Ora, però, la Corte solleva un problema. Se gli argomenti d’accusa, che contro Gagliostro si adducono, possono condurre alla conclusione che egli, affiliato alla mala vita, si trovò in condizioni di ferire Gaetano Loiacono, come ferì Santo, gli stessi argomenti non autorizzano a ritenere con certezza ch’egli lo avesse ferito (non essendo lecito passare dalla possibilità alla realtà apodittica). E lo risolve: pertanto, sul conto del Gagliostro in ordine alle lesioni in persona di Gaetano Loiacono, è uopo pronunciare l’assoluzione per insufficienza di prove. Per quanto riguarda le lesioni in danno di Santo Loiacono, la Corte fonda la colpevolezza di Vincenzo Gagliostro su questo ragionamento: si è dimostrato che egli, non solo era affiliato alla mala vita e come tale aveva partecipato al conflitto armato avvenuto tra i due gruppi dell’associazione la sera del 26 aprile, ma che fu riconosciuto dal ferito il quale, nel confronto con lui avuto nell’odierno dibattimento, gli ha sostenuto in viso con tutta fermezza di essere stato aggredito a colpi di coltello da lui e da Fameli.

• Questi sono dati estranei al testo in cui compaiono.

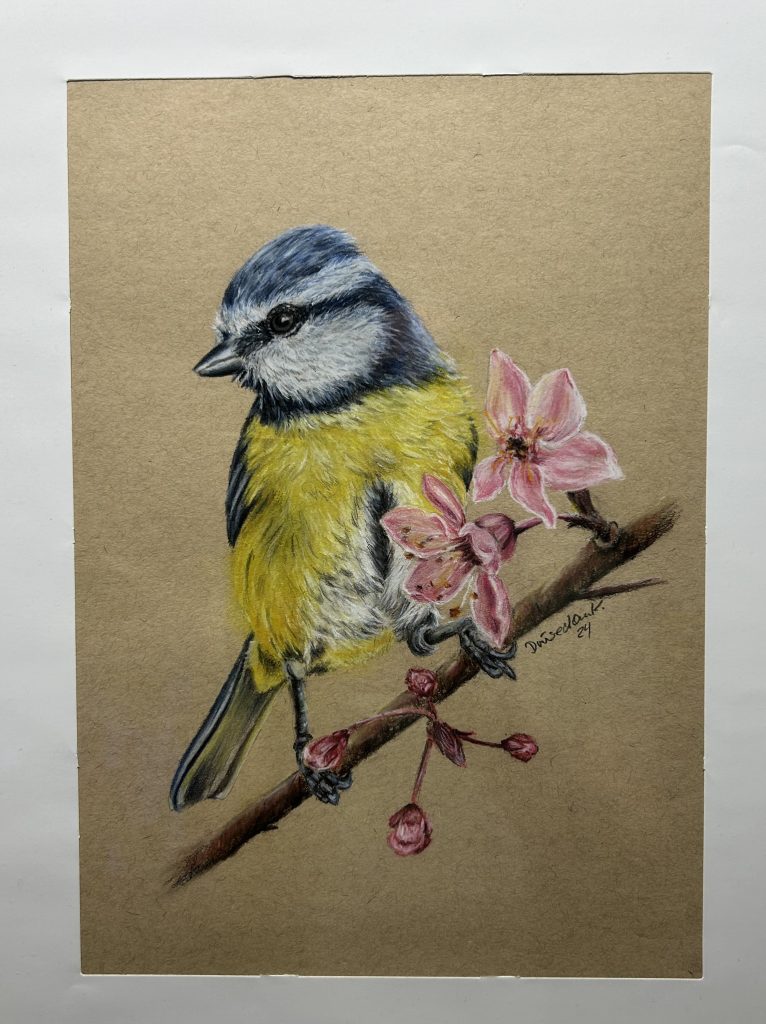 Handgezeichnetes Portrait einer Blaumeise in Pastellfarben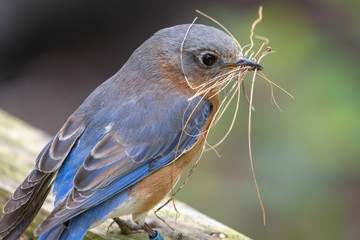 bird nesting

Tale linea di condotta serbata da un componente dell’associazione nei riguardi di un altro affiliato (quando l’omertà è per tali persone regola assoluta), induce a ritenere senz’altro che immediato cooperatore nelle lesioni sia stato proprio il Gagliostro, giusto quanto ha sempre assicurato Santo Loiacono.

Per quanto riguarda quest’ultimo, non può ritenersi ch’egli abbia agito con premeditazione giacché, dal momento in cui fu ferito fin quando s’incontrò col Fameli, egli non si trovò mai in stato di coscienza fredda e tranquilla che gli permettesse di meditare sulla vendetta da esercitare contro l’avversario, di formare un piano d’azione, determinarne i particolari, approntarne i mezzi, spiegando in tutto ciò mezzi speciali per assicurare il buon esito della impresa. Quindi, conclude la Corte, deve ammettersi in suo favore la scusante della provocazione grave, avendo egli agito nell’impeto d’ira e di intenso dolore determinato dal fatto ingiusto di Fameli ed essendo state assai dannose le conseguenza delle lesioni da lui riportate, sia per la durata, sia per gli accentuati caratteri dello sfregio del viso che ne conseguì.

Siamo nel 1932 e da poco è entrato in vigore il nuovo Codice Penale, il Codice Rocco, ma i reati sono stati commessi nel 1930 quando ancora vigeva il Codice Zanardelli, per cui la Corte osserva che, nel determinare la pena da infliggere agli imputati, deve applicarsi il Codice Penale abrogato, le cui disposizioni sono ad essi più favorevoli.

Quindi, per l’omicidio ascritto a Santo Loiacono sembra giusto partire da anni 21 di reclusione che, diminuiti da una frazione di poco superiore alla metà per la scusante della provocazione grave, discendono ad anni 8 e, ridotti quindi di un sesto per l’età del giudicabile, minore dei 21 e maggiore dei 18 anni, discendono ad anni 6 e mesi 8. A questa pena vanno aggiunti 20 giorni di arresti per i reati relativi al possesso e all’omessa denuncia del fucile e le pene accessorie.

Per le lesioni personali ascritte a Vincenzo Gagliostro, sembra giusto partire da anni 3 di reclusione, che aumentati di un sesto per l’aggravante dell’arma salgono ad anni 3 e mesi 6 di reclusione, più pene accessorie.[1]

L’omertà si può sconfiggere.


[1] ASCZ, Sezione di Lamezia Terme, Sentenze della Corte d’Assise di Palmi.